En aquellas verbenas, mi madrina paseaba un po­co, saludaba, bebía un poco de «cap» y luego se retira­ba a la ventana para ver el baile. Mi padrino cerraba siempre la fiesta, pagaba a los músicos y, al final, si no había improvisado una chocolatada con churros orga­nizaba una coral de mañanitas. Qué tipo humano más fenomenal. Disfrutaba viendo a la gente feliz después de haber pasado tantas miserias durante la guerra civil así como en los años del hambre que, por entonces, se estaban viviendo. Fueron unos años de respiro porque pronto, con la derrota de Ale­mania, íbamos a conocer de nuevo lo que era el racio­namiento. ¿O no se suprimió nunca el racionamiento? No recuerdo, yo era muy pequeño pero, por aquel en­tonces, no debíamos estar muy bien porque Beltrán prefería romperse las rodillas antes que dejar caer dos huevos, y eso que su familia era dueña de una camise­ría. ¿Qué no harían los otros por dos huevos? Entonces, si aún había escasez, más a favor del hijo del Rojón, mi padrino, que divertía y espantaba los problemas a las gentes aunque fuera con una noche de verbena.

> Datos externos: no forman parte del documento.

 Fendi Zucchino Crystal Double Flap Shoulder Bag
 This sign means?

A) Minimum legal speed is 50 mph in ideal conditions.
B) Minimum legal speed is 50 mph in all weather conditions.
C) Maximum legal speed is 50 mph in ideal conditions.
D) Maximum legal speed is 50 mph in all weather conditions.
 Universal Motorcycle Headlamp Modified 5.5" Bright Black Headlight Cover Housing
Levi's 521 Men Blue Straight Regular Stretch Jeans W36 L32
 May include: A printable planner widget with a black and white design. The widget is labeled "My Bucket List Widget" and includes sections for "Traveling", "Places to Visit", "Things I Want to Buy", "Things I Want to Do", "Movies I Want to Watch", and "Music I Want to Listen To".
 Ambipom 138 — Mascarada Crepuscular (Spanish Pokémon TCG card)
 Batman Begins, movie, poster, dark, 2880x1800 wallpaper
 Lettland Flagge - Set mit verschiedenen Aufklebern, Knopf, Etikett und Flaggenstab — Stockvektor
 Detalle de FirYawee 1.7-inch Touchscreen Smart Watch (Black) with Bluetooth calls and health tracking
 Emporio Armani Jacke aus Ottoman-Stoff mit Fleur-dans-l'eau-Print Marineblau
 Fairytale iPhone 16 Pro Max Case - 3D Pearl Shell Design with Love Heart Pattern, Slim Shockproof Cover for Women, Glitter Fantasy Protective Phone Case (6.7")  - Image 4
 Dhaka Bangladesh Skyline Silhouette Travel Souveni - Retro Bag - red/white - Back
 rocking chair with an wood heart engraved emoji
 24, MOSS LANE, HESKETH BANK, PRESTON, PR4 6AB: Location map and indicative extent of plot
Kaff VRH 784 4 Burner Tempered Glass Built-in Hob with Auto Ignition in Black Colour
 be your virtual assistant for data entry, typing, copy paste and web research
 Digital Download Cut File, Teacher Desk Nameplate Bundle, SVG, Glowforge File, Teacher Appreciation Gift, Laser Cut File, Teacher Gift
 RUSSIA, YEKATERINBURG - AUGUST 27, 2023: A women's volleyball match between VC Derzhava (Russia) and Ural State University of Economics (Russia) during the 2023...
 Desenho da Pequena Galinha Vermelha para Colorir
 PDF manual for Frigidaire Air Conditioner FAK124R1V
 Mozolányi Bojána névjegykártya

Lo del «Rojón» se lo habían puesto a su padre no por ideas políticas, sino porque era muy rubio, casi pe­lirrojo, y con los ojos muy azules. A veces lo tomaban por irlandés. La pena es que no recuerdo que mi padri­no me hablase nunca de él.

Tengo para mí que mi padrino era como un recio injerto de sangre joven en una familia antigua. Qué buenos retoños hubieran podido salir si el matrimonio no hubiera resultado estéril. Lo digo porque cuando, pasados los años, se descubrió que había tenido un hi­jo, que por entonces hacía la mili, mi madrina lo man­dó llamar e intentó hacer de él un señor. Pero ya era tarde. Aquel tallo, vivo retrato de mi padrino, que lo hubo de una mujer hermosa pero sin clase y con la cual no pudo casar, no fue capaz de asimilar toda una for­ma de vida y un estilo que, pasados los veinte años de edad, tan sólo por ambición se pueden aprender. Con el tiempo, todo aquello se reveló con el signo de la tra­gedia y, en aquellos ojos azules del hijo espigado y fuerte, había la luz de la muerte con un aleteo injusto. ¿Por qué si no le había de reventar el corazón a los veinticinco años? Y a su lado tan sólo tuvo a aquel pa­dre, del que tanto había oído hablar durante toda su vi­da, pero que no había de conocer más que para sumir­lo en la trepidación de un mundo que no era el suyo. Mi familia dijo que se ensoberbeció pero yo pienso que fue un caso más de rechazo y de angustia ahogado en un medio extraño. Sí.

José Carlos Gª Fajardo Prof. Emérito U.C.M.